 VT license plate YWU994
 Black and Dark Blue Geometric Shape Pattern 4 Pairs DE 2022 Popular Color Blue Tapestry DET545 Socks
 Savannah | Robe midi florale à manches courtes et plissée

---

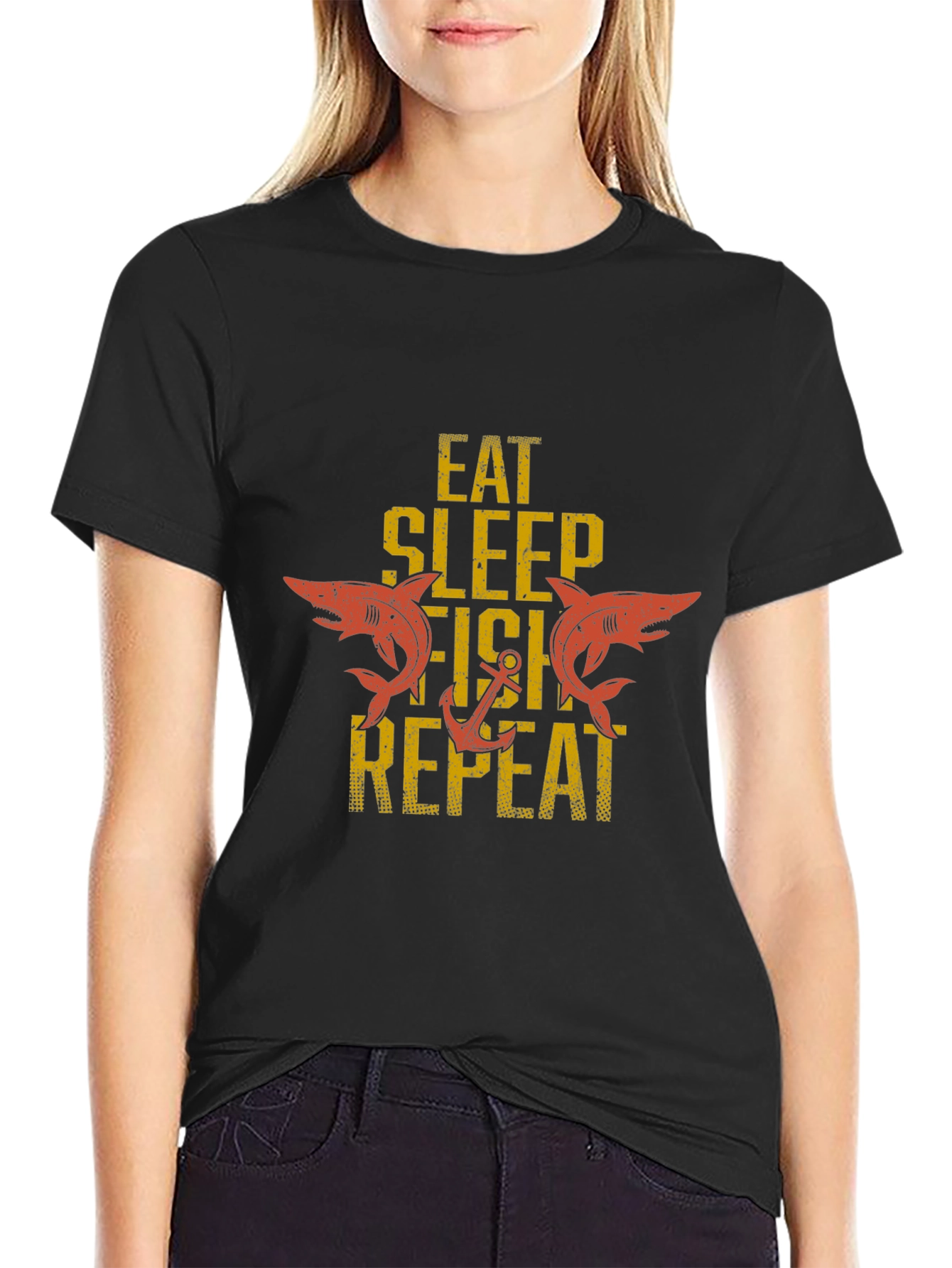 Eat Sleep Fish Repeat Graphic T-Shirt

__Brief__. Would you quote everything above from the line containing "VT license plate YWU994" down to the line containing "Savannah | Robe"? Include both of those lines and nothing else.

__Completed task__.
 VT license plate YWU994
 Black and Dark Blue Geometric Shape Pattern 4 Pairs DE 2022 Popular Color Blue Tapestry DET545 Socks
 Savannah | Robe midi florale à manches courtes et plissée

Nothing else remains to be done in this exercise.